## WHAT IS NEEDED
Transcribe this listing exactly; omit the pictures.
---- RECORD EXTRACTS
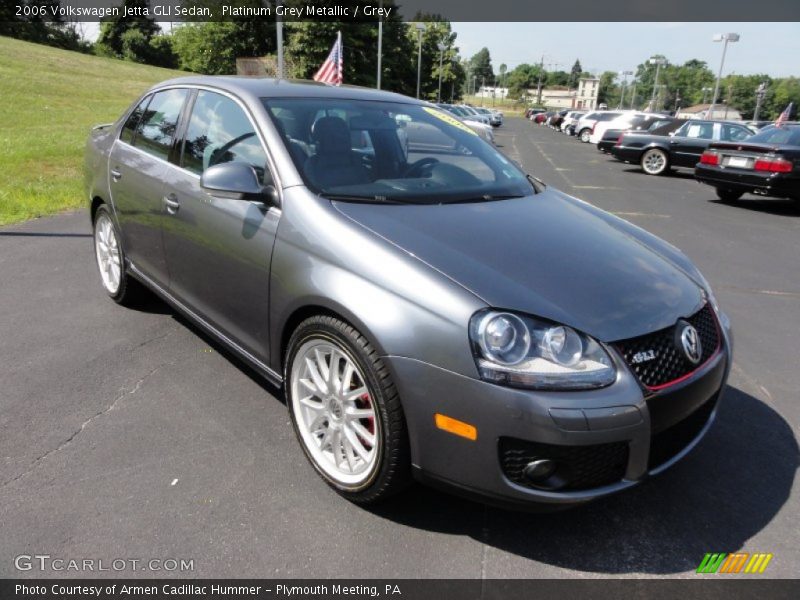 Platinum Grey Metallic / Grey 2006 Volkswagen Jetta GLI Sedan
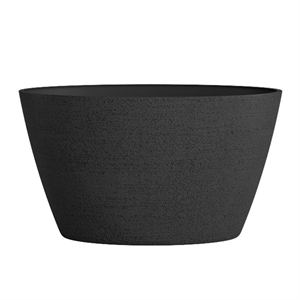 Кашпо CONCRETIKA BOWL EROSIA BLACK 23446
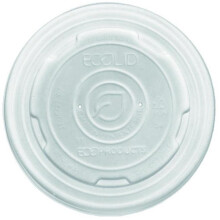 Eco Products ECP EP-ECOLID-SPL Plas Cup Lid White 500 Soup Bowl Lid 500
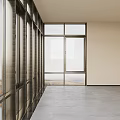 Spacious Bright Room With Floor to Ceiling Windows And Scenic Outdoor View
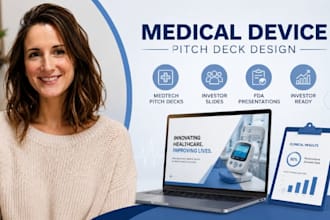 medical device pitch deck, medtech investor slides, fda medical presentation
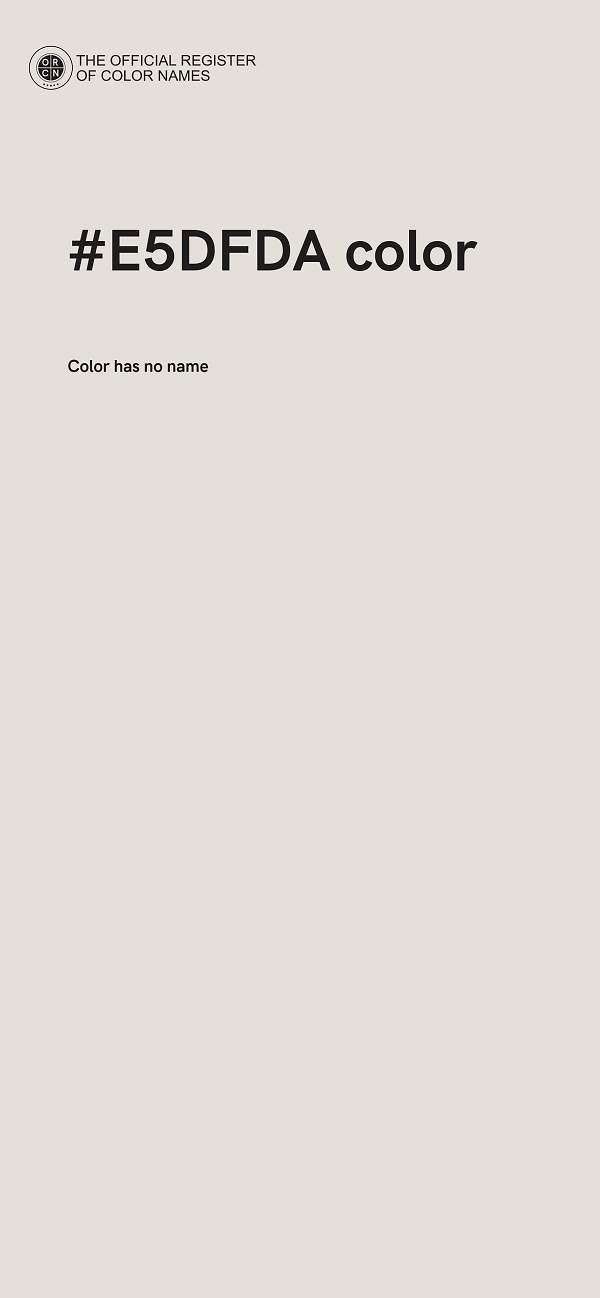 #E5DFDA color image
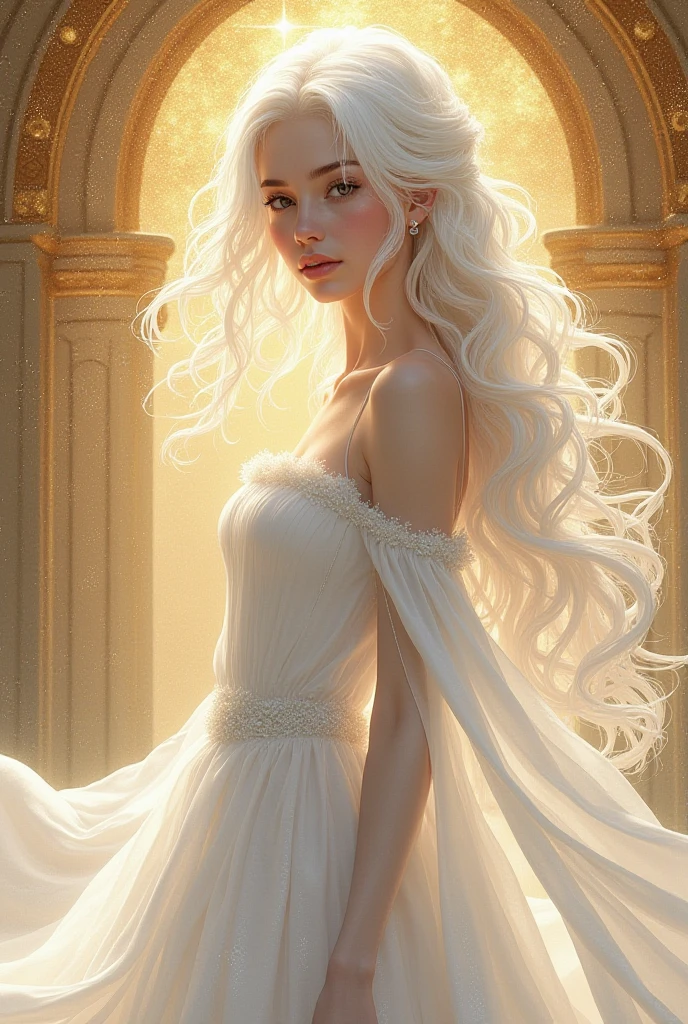 young girl angel, with floating hair, flowing white gown, highly detailed, digital painting, artstation, concept art, smooth, sharp focus, illustration, unreal engine 5, 8k, art by artgerm and greg rutkowski and alphonse mucha --auto --s2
--------
## RESPONSE TO THIS TASK
 Platinum Grey Metallic / Grey 2006 Volkswagen Jetta GLI Sedan
 Кашпо CONCRETIKA BOWL EROSIA BLACK 23446
 Eco Products ECP EP-ECOLID-SPL Plas Cup Lid White 500 Soup Bowl Lid 500
 Spacious Bright Room With Floor to Ceiling Windows And Scenic Outdoor View
 medical device pitch deck, medtech investor slides, fda medical presentation
 #E5DFDA color image
 young girl angel, with floating hair, flowing white gown, highly detailed, digital painting, artstation, concept art, smooth, sharp focus, illustration, unreal engine 5, 8k, art by artgerm and greg rutkowski and alphonse mucha --auto --s2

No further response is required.